Records drawn from a dataset>
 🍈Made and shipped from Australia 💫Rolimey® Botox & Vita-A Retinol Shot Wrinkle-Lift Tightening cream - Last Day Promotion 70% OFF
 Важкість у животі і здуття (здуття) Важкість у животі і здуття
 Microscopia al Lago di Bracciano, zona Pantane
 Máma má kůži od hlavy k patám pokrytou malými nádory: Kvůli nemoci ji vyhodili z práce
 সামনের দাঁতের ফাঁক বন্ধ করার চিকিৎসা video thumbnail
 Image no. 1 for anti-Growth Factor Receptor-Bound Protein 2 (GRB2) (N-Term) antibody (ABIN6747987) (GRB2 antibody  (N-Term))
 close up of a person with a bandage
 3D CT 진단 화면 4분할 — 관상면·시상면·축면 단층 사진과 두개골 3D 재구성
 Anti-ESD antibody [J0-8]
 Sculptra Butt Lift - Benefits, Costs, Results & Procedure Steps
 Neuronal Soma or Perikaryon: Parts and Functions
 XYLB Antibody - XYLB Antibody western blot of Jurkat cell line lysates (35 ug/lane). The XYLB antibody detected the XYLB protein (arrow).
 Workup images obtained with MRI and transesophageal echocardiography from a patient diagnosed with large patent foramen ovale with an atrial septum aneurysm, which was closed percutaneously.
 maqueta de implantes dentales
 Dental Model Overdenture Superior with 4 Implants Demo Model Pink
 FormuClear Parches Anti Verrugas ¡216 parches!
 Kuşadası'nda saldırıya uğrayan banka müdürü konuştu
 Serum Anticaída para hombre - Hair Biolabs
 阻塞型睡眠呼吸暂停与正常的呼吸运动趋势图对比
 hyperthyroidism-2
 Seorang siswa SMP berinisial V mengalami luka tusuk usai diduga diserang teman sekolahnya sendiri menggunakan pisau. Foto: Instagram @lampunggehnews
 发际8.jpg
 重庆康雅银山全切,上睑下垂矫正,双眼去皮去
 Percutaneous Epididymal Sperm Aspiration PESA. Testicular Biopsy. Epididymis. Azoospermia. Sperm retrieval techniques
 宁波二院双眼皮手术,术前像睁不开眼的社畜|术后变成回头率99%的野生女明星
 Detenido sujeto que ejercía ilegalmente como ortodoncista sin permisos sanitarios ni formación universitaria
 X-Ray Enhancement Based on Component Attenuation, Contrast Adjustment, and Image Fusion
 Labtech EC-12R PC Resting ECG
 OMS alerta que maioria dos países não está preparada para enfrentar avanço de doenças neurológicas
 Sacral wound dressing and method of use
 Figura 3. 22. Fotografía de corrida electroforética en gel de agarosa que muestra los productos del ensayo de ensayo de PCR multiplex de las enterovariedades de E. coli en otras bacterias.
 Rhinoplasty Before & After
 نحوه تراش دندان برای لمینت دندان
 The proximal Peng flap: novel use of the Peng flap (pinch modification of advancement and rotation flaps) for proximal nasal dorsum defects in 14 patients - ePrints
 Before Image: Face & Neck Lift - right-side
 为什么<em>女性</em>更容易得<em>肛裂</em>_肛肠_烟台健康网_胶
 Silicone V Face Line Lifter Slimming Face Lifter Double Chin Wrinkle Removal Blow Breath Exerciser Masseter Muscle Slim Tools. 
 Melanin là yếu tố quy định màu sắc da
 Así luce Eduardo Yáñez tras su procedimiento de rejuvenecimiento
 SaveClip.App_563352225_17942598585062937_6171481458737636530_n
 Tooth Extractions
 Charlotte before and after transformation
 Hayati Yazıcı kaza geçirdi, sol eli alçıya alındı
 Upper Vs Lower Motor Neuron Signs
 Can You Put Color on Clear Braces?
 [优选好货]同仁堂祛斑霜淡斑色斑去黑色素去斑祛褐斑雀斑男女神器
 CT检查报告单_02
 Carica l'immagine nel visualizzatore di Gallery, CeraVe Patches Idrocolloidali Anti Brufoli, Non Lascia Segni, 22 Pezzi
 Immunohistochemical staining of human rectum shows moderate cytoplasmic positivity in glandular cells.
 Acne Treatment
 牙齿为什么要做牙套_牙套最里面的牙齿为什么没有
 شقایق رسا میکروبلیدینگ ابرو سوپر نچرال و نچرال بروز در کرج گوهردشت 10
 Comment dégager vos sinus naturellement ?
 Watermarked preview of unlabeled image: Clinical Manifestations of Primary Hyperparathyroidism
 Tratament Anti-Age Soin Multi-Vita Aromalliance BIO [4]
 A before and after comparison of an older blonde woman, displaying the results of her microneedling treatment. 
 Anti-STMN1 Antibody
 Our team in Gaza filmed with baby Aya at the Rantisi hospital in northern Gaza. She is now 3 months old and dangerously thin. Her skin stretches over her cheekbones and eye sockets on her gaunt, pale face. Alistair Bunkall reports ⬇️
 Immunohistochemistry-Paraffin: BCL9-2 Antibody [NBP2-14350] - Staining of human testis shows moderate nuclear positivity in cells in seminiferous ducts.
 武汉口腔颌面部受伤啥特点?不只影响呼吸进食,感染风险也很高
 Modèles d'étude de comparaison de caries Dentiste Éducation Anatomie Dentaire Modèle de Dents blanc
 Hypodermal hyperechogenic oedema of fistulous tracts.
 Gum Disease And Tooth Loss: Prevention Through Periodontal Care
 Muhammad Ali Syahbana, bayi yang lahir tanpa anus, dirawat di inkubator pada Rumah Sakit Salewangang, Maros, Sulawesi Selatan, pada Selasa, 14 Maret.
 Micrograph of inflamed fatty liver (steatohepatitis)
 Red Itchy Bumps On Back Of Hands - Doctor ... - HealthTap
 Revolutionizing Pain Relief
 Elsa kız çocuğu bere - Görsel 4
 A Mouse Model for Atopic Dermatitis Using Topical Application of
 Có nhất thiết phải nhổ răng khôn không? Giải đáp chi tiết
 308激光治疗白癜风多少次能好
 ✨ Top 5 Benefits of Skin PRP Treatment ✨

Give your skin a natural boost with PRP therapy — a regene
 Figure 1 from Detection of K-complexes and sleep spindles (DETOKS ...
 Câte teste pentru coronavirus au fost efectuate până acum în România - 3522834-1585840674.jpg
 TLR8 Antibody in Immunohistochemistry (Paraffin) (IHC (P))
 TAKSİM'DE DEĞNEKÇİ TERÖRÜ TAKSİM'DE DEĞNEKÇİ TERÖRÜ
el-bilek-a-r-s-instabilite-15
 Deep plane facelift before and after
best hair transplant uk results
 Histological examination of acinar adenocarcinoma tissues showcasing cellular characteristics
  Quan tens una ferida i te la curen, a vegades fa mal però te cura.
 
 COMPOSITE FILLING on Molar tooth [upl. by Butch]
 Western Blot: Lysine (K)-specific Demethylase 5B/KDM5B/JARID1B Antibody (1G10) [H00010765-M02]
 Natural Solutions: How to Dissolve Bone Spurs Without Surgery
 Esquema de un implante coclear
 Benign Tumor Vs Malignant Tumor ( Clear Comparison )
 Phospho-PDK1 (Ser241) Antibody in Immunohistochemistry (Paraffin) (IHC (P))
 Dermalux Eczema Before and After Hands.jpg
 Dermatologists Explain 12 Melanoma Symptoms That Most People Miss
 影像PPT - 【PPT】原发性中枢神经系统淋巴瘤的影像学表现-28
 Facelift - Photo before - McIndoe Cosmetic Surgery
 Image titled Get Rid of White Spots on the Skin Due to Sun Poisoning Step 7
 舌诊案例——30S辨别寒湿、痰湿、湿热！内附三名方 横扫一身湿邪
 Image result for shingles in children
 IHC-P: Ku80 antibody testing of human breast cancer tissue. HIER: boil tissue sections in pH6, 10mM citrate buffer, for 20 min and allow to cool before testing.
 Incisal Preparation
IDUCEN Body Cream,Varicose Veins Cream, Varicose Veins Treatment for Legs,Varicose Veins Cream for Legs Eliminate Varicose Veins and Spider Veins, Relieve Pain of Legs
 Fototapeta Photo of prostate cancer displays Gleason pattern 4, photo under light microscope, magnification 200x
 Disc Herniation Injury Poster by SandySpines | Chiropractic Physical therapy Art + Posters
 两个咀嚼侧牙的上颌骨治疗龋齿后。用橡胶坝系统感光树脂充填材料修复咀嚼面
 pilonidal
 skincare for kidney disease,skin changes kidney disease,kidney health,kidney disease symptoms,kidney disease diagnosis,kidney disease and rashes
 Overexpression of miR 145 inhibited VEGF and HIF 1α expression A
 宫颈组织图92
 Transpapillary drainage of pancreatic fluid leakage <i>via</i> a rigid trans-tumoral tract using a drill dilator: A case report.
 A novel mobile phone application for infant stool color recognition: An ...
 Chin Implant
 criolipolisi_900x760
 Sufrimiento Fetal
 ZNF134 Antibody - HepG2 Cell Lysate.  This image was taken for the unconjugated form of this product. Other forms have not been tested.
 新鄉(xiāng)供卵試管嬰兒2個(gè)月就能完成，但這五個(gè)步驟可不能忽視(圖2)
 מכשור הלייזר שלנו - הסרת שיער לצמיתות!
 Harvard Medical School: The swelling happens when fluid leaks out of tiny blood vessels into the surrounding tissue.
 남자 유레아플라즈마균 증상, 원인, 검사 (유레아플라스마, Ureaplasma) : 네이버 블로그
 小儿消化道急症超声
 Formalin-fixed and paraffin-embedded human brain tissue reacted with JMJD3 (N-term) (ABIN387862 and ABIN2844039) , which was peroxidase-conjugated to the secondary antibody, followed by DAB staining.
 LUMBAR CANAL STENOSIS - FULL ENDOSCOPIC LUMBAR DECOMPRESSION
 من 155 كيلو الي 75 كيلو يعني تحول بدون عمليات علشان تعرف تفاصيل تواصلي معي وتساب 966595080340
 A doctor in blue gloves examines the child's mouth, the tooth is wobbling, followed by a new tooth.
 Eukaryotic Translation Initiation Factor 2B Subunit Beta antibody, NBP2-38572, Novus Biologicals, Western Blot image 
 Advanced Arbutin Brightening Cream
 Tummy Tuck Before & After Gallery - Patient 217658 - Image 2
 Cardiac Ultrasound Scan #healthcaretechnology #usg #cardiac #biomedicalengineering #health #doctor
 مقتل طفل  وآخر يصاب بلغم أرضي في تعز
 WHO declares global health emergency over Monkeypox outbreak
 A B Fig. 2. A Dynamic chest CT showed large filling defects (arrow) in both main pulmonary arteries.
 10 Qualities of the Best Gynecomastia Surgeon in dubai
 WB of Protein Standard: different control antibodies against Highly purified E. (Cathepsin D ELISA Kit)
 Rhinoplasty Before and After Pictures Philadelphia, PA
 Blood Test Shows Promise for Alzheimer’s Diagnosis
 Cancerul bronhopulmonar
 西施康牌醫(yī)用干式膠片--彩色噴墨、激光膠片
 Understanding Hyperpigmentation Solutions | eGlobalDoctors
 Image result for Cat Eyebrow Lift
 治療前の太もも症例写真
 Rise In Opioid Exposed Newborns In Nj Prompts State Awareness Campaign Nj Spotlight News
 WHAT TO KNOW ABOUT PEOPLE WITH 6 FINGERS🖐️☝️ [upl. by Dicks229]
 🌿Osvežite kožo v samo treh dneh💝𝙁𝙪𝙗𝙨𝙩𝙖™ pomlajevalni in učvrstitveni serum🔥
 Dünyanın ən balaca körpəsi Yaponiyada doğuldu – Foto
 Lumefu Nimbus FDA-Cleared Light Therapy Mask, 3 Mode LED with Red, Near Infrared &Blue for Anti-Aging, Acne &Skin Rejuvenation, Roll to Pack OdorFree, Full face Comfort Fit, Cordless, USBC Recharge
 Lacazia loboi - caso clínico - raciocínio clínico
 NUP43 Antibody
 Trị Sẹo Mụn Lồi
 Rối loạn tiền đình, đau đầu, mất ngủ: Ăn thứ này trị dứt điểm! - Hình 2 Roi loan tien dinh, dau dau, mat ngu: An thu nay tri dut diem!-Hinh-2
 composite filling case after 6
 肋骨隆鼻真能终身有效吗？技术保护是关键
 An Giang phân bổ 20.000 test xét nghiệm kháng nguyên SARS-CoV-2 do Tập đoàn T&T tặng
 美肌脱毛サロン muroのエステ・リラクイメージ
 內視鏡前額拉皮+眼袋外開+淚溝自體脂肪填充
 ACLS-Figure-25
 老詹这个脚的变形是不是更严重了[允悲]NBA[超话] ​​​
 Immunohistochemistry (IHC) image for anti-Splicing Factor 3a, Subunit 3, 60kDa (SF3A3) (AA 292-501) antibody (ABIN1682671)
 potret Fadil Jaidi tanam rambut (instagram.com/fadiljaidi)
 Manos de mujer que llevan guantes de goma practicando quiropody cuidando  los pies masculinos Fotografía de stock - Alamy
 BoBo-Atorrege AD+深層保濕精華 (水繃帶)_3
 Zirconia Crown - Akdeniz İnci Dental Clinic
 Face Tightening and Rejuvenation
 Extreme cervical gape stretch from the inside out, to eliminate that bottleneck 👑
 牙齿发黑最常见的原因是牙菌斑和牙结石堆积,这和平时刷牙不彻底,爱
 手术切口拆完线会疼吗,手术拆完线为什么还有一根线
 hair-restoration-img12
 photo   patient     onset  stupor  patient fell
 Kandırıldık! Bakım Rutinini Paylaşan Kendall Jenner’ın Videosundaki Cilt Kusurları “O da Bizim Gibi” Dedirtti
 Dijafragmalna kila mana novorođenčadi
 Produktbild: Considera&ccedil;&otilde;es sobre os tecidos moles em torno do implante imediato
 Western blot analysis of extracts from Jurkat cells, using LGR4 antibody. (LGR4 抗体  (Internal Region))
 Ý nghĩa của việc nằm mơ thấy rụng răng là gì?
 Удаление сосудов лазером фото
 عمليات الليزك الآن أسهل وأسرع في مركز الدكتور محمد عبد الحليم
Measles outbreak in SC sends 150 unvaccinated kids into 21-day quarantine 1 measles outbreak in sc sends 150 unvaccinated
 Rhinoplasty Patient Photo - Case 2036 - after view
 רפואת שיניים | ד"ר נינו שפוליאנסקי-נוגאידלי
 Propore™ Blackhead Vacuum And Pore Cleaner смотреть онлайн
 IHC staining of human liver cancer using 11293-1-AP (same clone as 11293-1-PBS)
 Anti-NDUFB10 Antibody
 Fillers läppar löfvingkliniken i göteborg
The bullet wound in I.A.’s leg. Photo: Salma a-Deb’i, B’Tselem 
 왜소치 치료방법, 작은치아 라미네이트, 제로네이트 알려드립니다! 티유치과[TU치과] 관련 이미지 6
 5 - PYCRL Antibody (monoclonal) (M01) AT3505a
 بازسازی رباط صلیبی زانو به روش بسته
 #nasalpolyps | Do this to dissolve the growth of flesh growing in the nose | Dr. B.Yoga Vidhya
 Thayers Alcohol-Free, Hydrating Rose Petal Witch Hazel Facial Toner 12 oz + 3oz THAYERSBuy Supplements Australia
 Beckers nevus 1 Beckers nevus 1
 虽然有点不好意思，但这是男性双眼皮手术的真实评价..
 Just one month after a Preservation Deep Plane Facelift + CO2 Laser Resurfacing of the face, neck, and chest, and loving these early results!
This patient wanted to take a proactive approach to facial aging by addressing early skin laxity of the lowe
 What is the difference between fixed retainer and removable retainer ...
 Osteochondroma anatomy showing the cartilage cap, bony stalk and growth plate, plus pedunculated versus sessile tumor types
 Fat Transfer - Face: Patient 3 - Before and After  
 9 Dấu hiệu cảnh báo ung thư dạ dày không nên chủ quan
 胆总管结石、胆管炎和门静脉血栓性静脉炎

Brief> Filter the records down to the lines containing the word "Acne", and copy those.

Solution>
 Acne Treatment
 Lumefu Nimbus FDA-Cleared Light Therapy Mask, 3 Mode LED with Red, Near Infrared &Blue for Anti-Aging, Acne &Skin Rejuvenation, Roll to Pack OdorFree, Full face Comfort Fit, Cordless, USBC Recharge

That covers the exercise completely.